De David Cronenberg.
Avec Robert Pattinson, Juliette Binoche, Sarah Gadon…
L’histoire.
Dans un New York en ébullition, l’ère du capitalisme touche à sa fin. Eric Packer, golden boy de la haute finance, s’engouffre dans sa limousine blanche. Alors que la visite du président des Etats-Unis paralyse Manhattan, Eric Packer n’a qu’une seule obsession : une coupe de cheveux chez son coiffeur à l’autre bout de la ville.

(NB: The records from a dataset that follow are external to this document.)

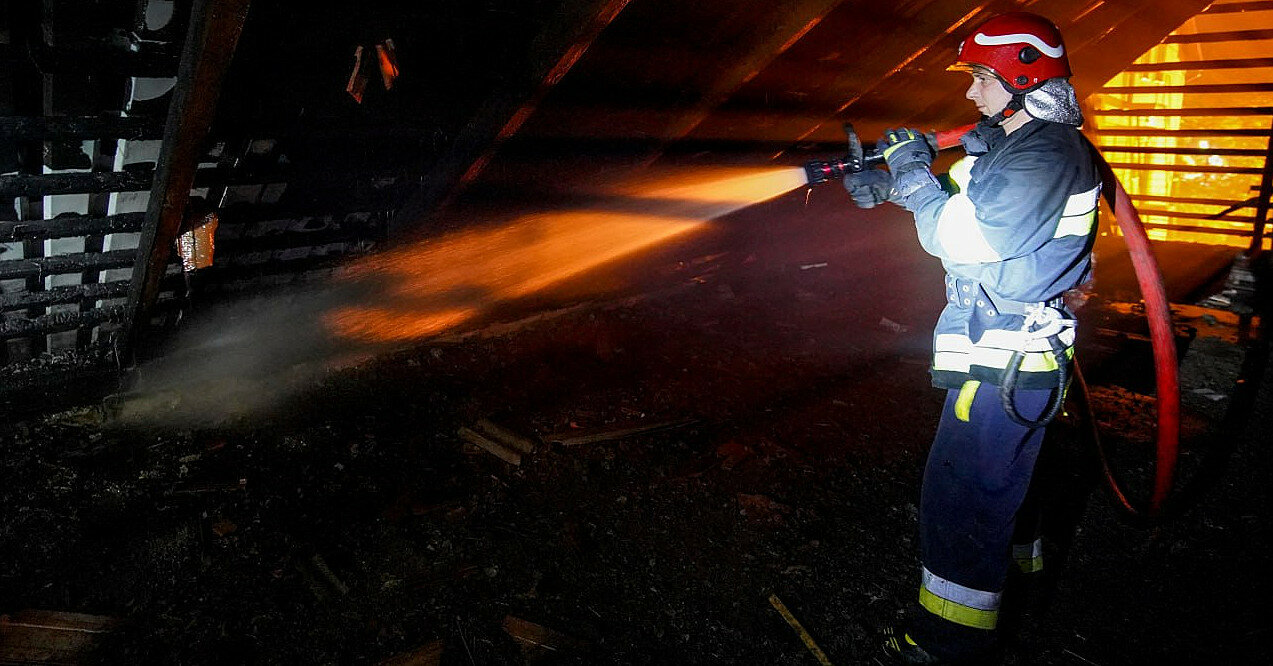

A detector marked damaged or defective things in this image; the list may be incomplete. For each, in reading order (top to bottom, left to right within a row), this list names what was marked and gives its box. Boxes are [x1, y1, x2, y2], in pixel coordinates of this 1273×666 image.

charred wood beam [0, 115, 165, 141]
charred wood beam [392, 0, 636, 235]
charred wood beam [122, 0, 249, 364]
charred wood beam [0, 213, 146, 241]
charred wood beam [0, 249, 139, 281]
charred wood beam [0, 282, 131, 311]
charred wood beam [0, 306, 127, 341] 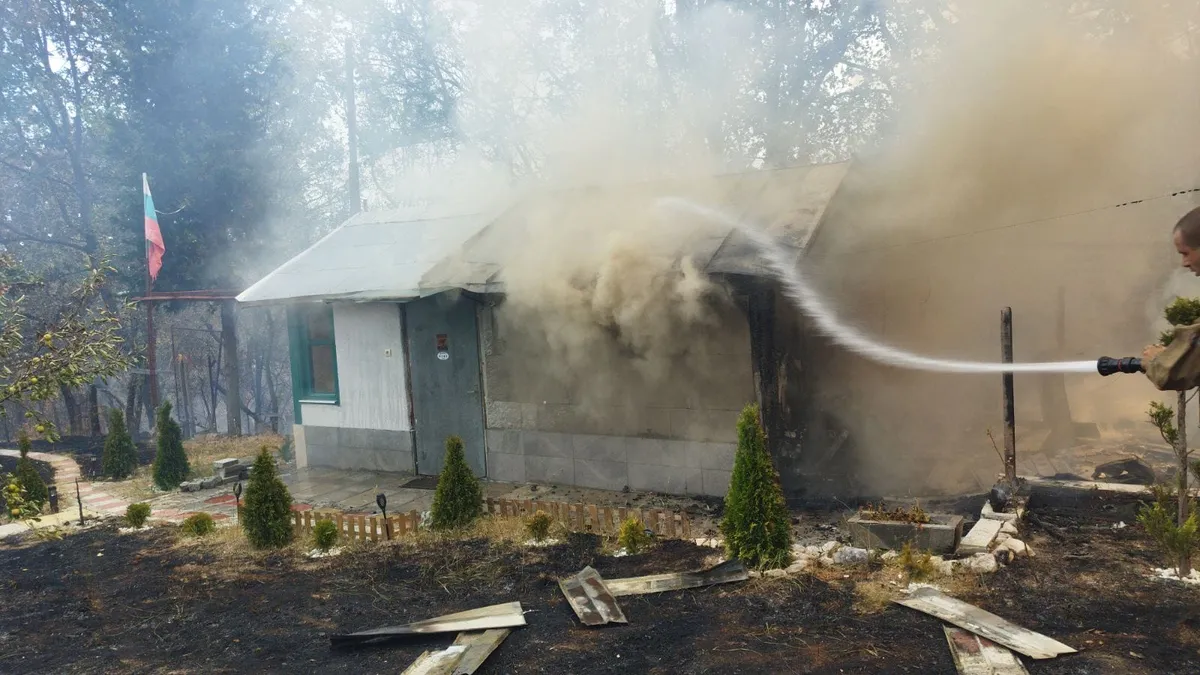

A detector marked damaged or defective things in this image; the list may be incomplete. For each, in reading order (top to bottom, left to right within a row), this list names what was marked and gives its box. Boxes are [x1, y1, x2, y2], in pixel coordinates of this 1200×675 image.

rusty metal debris [556, 562, 628, 624]
rusty metal debris [328, 598, 525, 648]
rusty metal debris [398, 624, 511, 672]
rusty metal debris [892, 588, 1080, 658]
rusty metal debris [945, 624, 1032, 667] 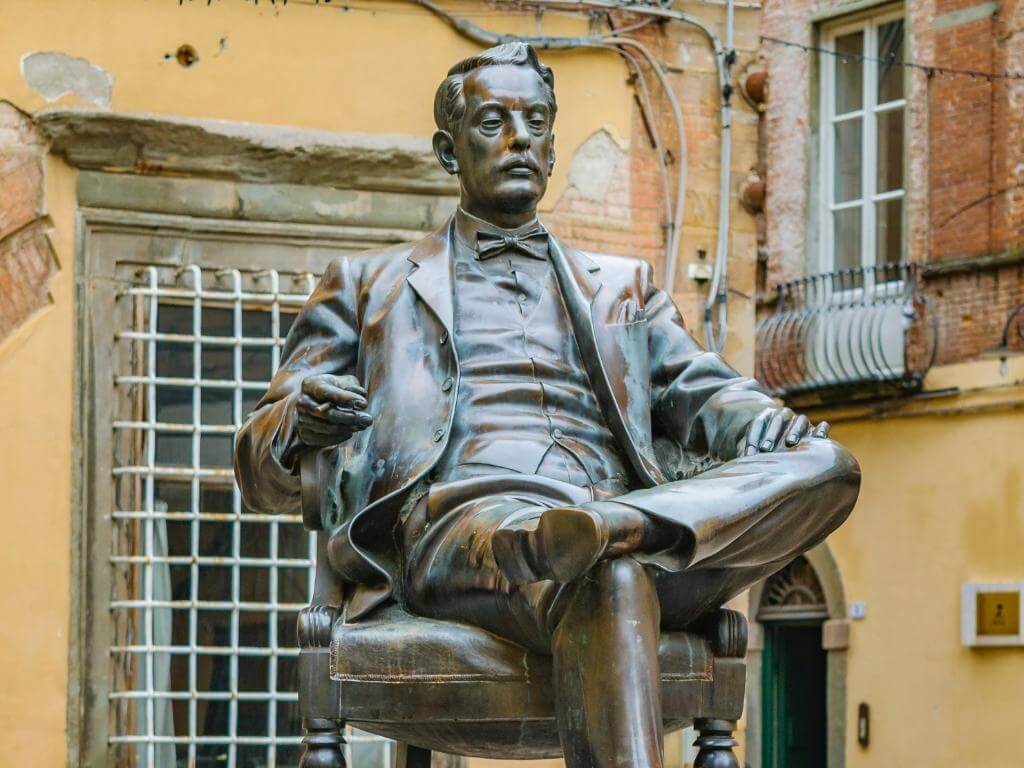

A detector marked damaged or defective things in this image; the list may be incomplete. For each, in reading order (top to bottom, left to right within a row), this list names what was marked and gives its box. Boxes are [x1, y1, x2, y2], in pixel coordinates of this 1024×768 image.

peeling plaster [20, 51, 111, 108]
peeling plaster [565, 131, 626, 205] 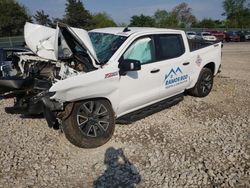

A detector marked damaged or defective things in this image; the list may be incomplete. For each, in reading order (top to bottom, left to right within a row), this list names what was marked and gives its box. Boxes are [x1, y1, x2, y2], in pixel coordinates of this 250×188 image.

damaged white pickup truck [0, 22, 222, 148]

Au fur et à mesure de la journée, le chaos s’installe, et il assiste, impuissant, à l’effondrement de son empire. Il est aussi certain qu’on va l’assassiner. Quand ? Où ? Il s’apprête à vivre les 24 heures les plus importantes de sa vie.
Ce que j’en dis.
Je suis une fan absolue de Robert Pattinson, vraiment, je l’aime beaucoup. Je le trouve formidable dans How to Be, remarquable dans Remember me & bluffant dans Water for Elefants, c’est donc confiante, que je suis allée voir Cosmopolis hier après-midi... Pour faire simple, j’ai trouvé ça nul. Nul, nul, nul et archi nul. Je me suis tout bonnement fait chier pendant 1h50. J’aurais dû compter le nombre de fois où j’ai baillé, où j’ai lutté pour ne pas fermer les yeux et m’endormir sur l’épaule de Maxime. Non vraiment, ce n’était pas bon du tout. Trop de blabla, beaucoup trop, ça ne s’arrête jamais de parler. Et si je m’arrête 30 secondes pour vous parler du contenu des dialogues, c’est pour vous dire que je n’ai rien saisi. Est-ce que Cronenberg a voulu nous faire passer pour des abrutis nés de la dernière pluie? C’est ce que j’ai ressenti en assistant à ce film. Putain, mais je suis conne ou bien? Parce que la culture économique, pseudo-philosophique, c’pas mon truc & je crois que ça ne l’était pas non plus pour les 3/4 des spectateurs de la salle (certains sont partis). C’est prétentieux, c’est lent, c’est sans intérêt. Pourtant, y’avait de la matière, l’idée de base était belle et bonne, les acteurs dans l’ensemble plutôt bien choisis. Pattinson aurait pu être grandiose, si l’histoire s’était davantage concentrée sur cette fameuse descente aux enfers, sur sa psychologie, parce qu’à part quelques scènes où on ressent sa perte d’équilibre et ses obsessions, hum… tout le reste n’est que fioritures. On ne comprend pas pourquoi telle ou telle scène est présente, pourquoi il agit comme ci, pourquoi là, il n’agit pas comme ça. Bref, en sortant j’étais énervée de m’être fait enrouler par la bande annonce.
Un film que je vais vite oublier, et que je ne vous conseille absolument pas. Dommage.